Shaman's Crossing, Forest Mage, Renegade's Magic (by Robin Hobb)
Robin Hobb is still one of my must-buy authors; this trilogy doesn't impress me quite as much as the Liveship Traders series, but it one, tells an interesting story about the clash of two cultures, and two, made me think quite a lot about the things I didn't like about it (it's going to be hard to talk about them without some spoilers). The first book is a fairly straightforward underdog coming-of-age and going-to-school story with a strong helping of doom. The second book is pretty much All Doom All The Time, and the third book is How Could It Possibly Not All End In Disaster, except then there's a bit of a deus ex machina and it doesn't. The main character(s) is a very flawed one; he's split fairly early (though it's not totally clear until later) into two parts - the one that thinks and doesn't act, and the one that acts without thinking. Neither of these archetypes is a very satisfying main character; the second book was the most frustrating, because it's filled with Nevare angsting without really doing anything. And the repetition over and over of "Why aren't you doing what the magic wants to save the day?" "I don't know what the magic wants, it won't tell me!" "That's just because you're not listening to it!" was particularly unhelpful. The final deus ex machina turns out to be what the magic wanted, so it's not an *unfair* resolution, but it does mean all the things Nevare has been deliberately trying to do one way or another are mostly moot as far as the big plot goes. On the other hand, his personal resolution is about making a life for himself that *isn't* part of the big plot: his win is not that he resolved the arc plot, but that he manages to preserve some of the people he cares about despite being used as a tool by the arc plot. On the good side, even when the story is at its most frustrating and nothing-is-happening, it's never boring. Hobb does a remarkable job at both changing characters in an organic way and changing the reader's perception of the character, often independently of how Nevare perceives them. (Nitwit or clever free thinker? Honorable man, or self-righteous prig, or man bent by forces beyond his control?) Four stars for the series, though only three for the middle book.

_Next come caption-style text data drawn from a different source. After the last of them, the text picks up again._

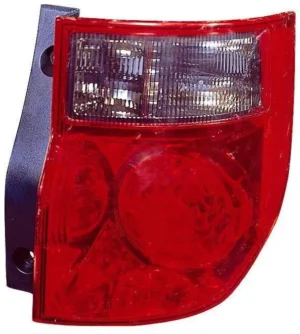 Honda Element Tail Lamp Passenger Side All 03-06 EX/LX Model 07-08 High Quality 2003-2008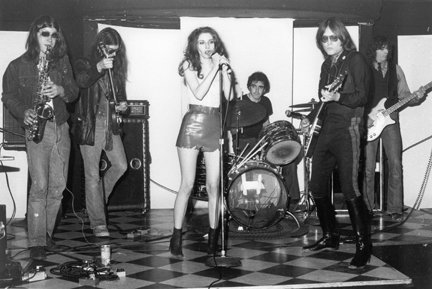 DESTROY ALL MONSTERS  1978 (Sue Rynski) 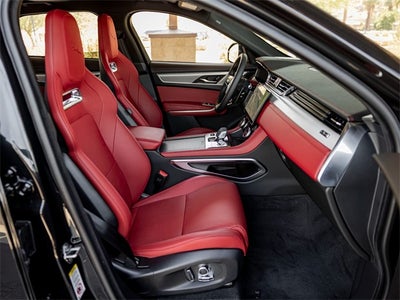 2026 Jaguar F-PACE P250 R-Dynamic S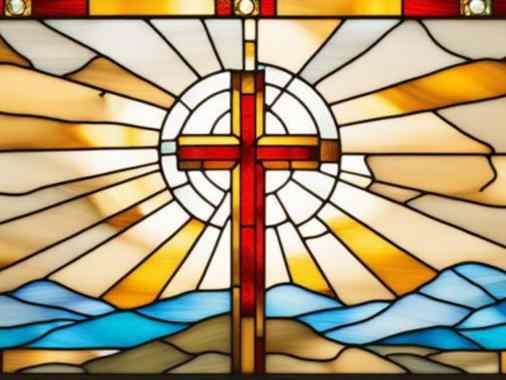 Pfingsten / Pn. Kallasch-Raunig / Abendmahl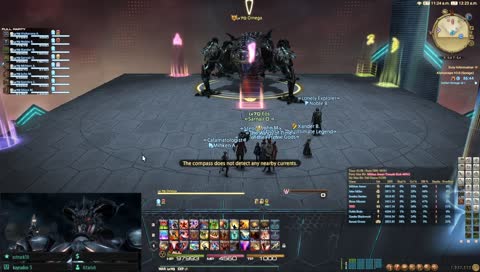 Ribbit maybe possible perhaps could beat this boss? | SSC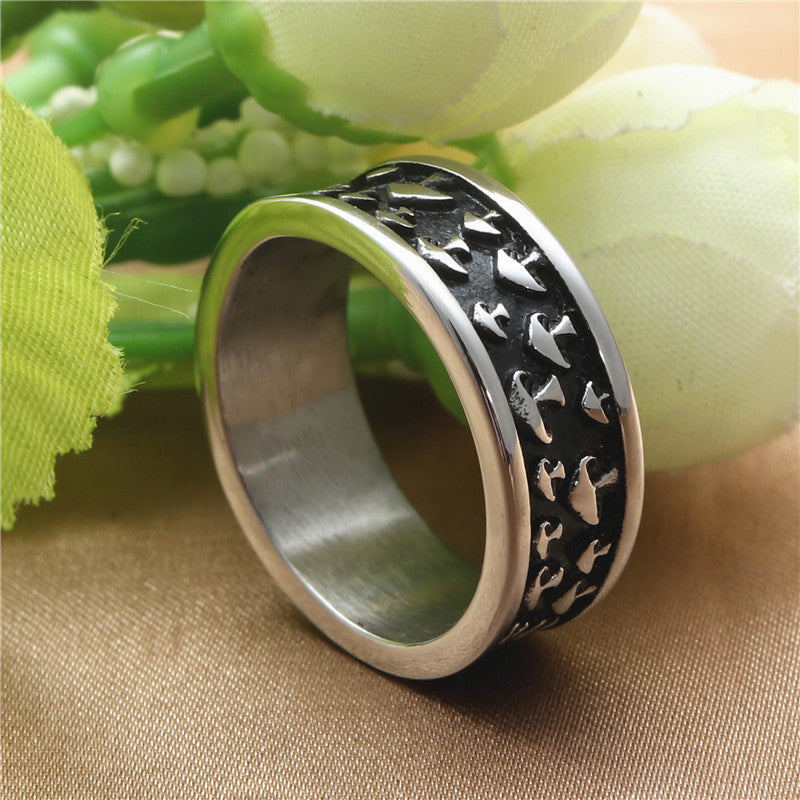 Delicate Artisan Ring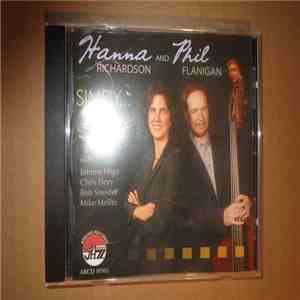 Hanna Richardson And Phil Flanigan - Simply With Spirit
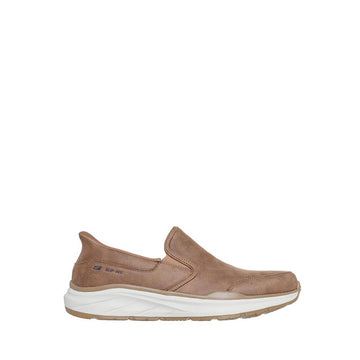 Skechers Slip-Ins Equalizer 6.0 Men's Training Shoes - Tan.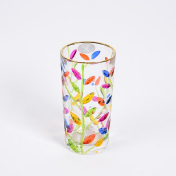 Комплект "Art Decor Laurus" 7 предметов, графин и стаканы (6 шт.)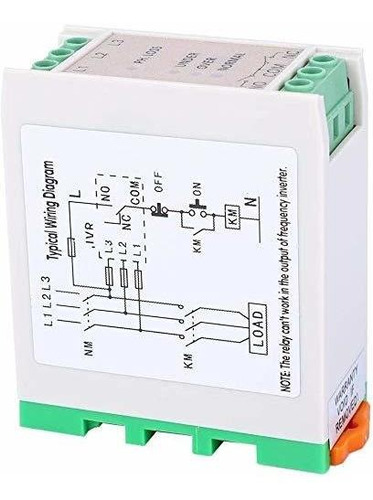 Zym Circuit Undervoltage Protector Jvr- Phase Loss Relay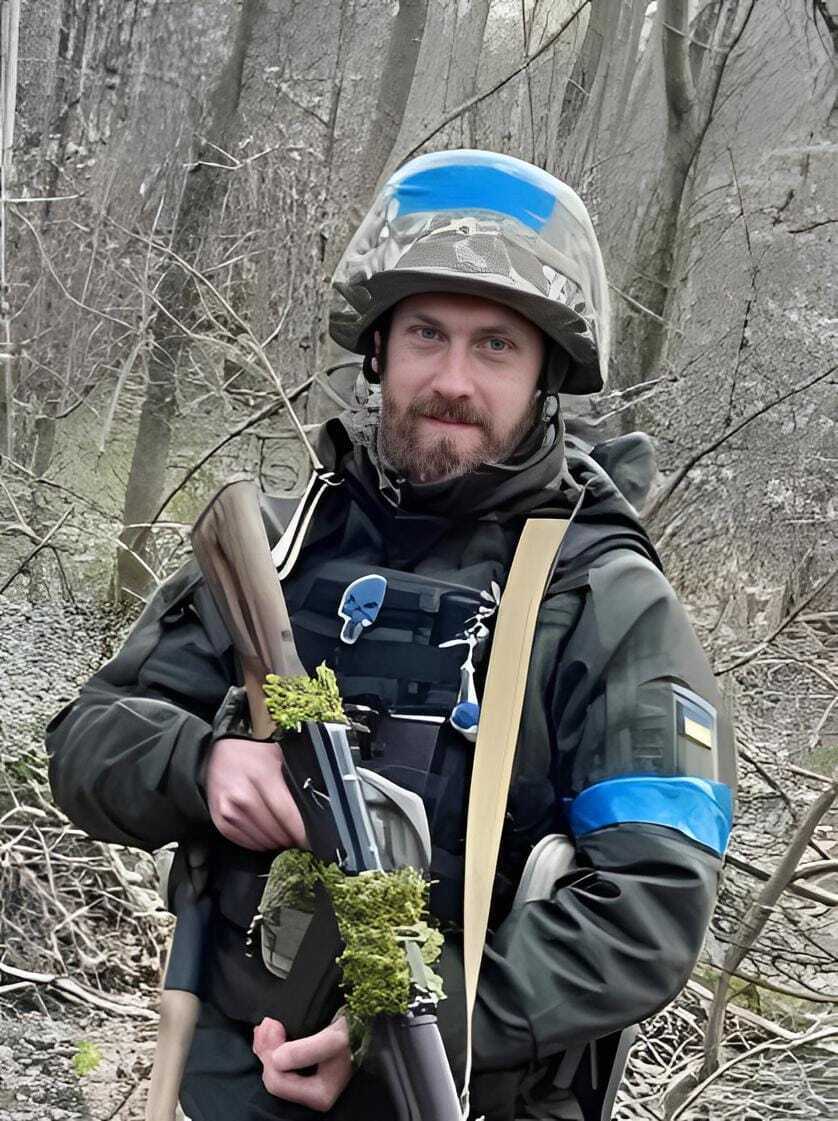 Йому назавжди буде 25: у боях за Україну загинув кулеметник із Хмельниччини. Фото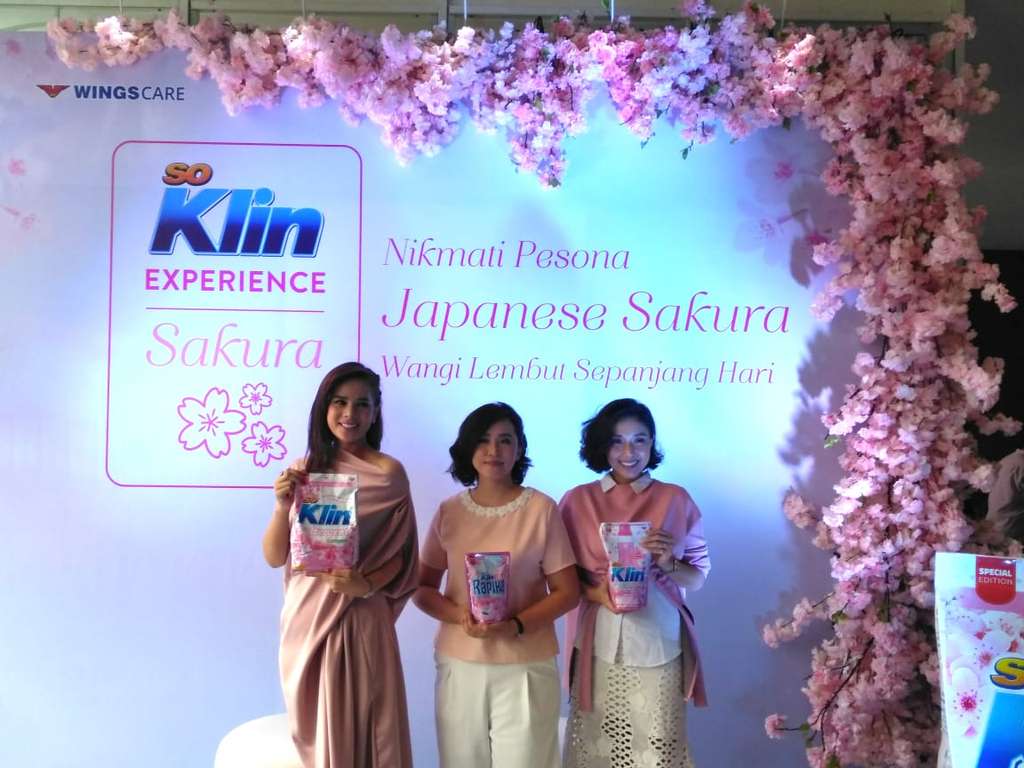 So Klin Experience Sakura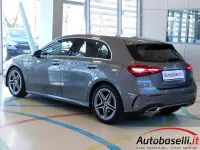 Usata Mercedes A180 Advanced Plus 136 CV (100 kW) 2024 Grigio Berlina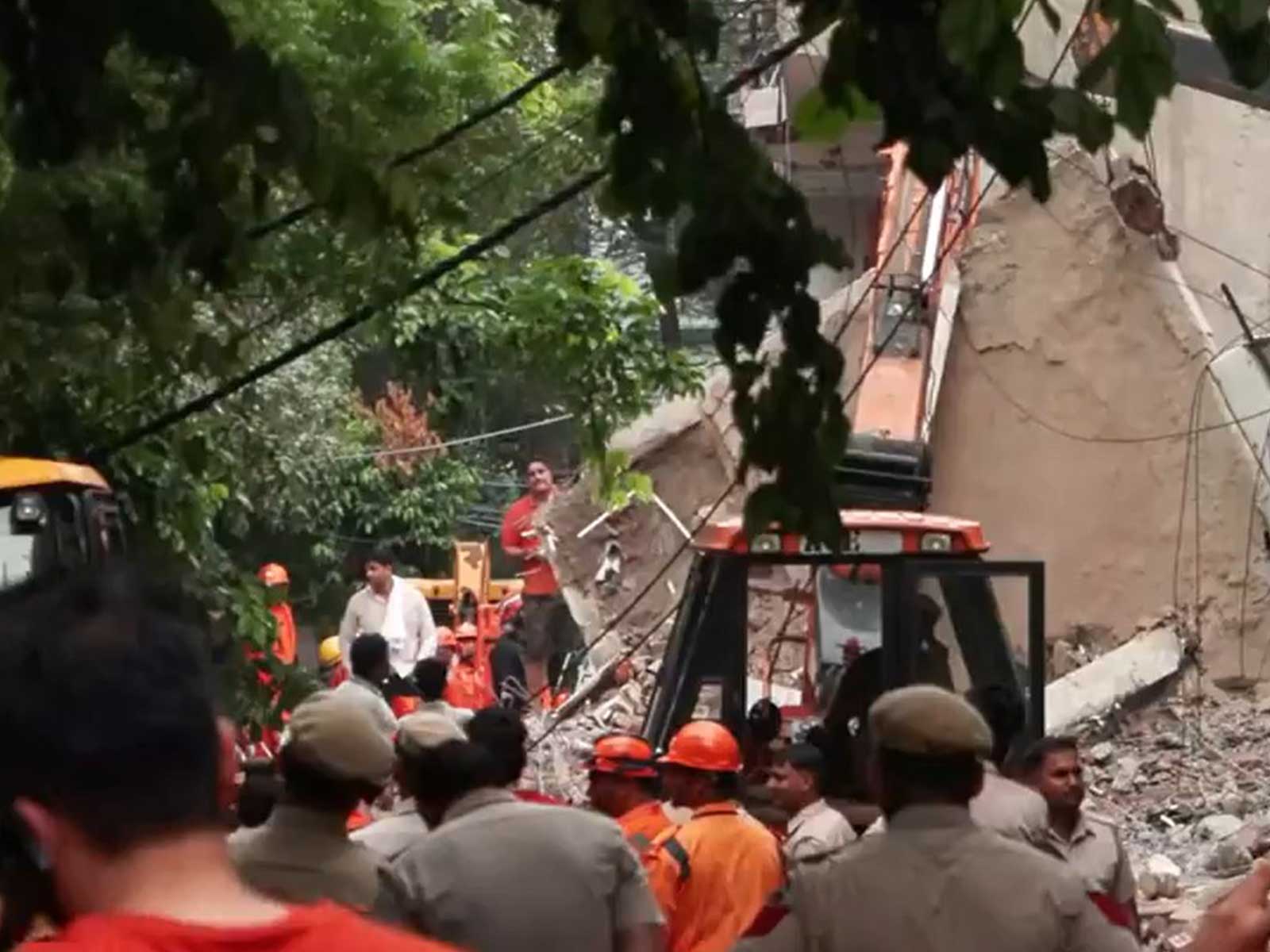 Visual from the site (Photo/ANI)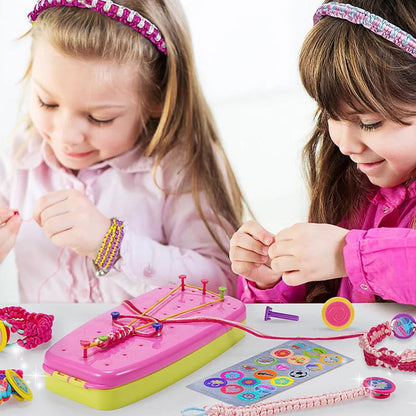 Fun DIY Kids Jewelry Making Kit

Dauntless and Fearless (by Jack Cambpell)
I got the first four books in this series from jdbakermn, but seem to have lost the third. Bah. Basically, it's the story of a rag tag fugitive fleet, as led by the defrosted Captain Dylan Hunt, on the Voyager arc. :) I like a lot of it - I like that while the battles are with the enemy, the plots are internal infighting. I like Campbell's thought experiments on honor and courage and tactics and common sense and demonizing the enemy. I like the hints being dropped about the aliens, though I think some of the clues are less clueful than the characters do. Some of the characters have some interesting development, while others are over-reactive cartoons, though, and I have a hard time quite buying the "100 years of war leads to tactics being considered dishonorable and cowardly" setting that gives the author the sandbox he wants to play in. I think that I might have gotten a little frustrated with the inability of the Lost Fleet to get home had I read the whole series (they're not nearly Voyageresque distances from home, it's just getting back from behind enemy lines) but it was fine for two books. Three and a half stars, and I wish I knew where the third book was.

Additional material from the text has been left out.